(Exercise aim): Look below for the line that contains "[닥터시드]슈퍼시드밤 리바이탈라이즈 샴푸", then copy it and each following line exactly, through and including the line that contains "Téléchargez les photos".

(Available data):
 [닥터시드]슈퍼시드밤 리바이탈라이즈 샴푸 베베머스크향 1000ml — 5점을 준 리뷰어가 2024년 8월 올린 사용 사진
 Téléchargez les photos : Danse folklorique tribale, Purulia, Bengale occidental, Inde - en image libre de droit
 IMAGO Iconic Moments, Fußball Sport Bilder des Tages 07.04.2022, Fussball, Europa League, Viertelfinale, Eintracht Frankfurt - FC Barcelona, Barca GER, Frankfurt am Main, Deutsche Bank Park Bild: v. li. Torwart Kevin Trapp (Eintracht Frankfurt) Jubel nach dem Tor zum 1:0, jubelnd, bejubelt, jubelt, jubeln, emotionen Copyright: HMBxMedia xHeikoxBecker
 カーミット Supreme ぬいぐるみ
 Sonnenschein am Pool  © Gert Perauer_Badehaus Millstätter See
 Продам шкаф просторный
==
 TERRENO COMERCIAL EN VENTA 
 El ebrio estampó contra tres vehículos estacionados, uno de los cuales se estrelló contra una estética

(Your response):
 [닥터시드]슈퍼시드밤 리바이탈라이즈 샴푸 베베머스크향 1000ml — 5점을 준 리뷰어가 2024년 8월 올린 사용 사진
 Téléchargez les photos : Danse folklorique tribale, Purulia, Bengale occidental, Inde - en image libre de droit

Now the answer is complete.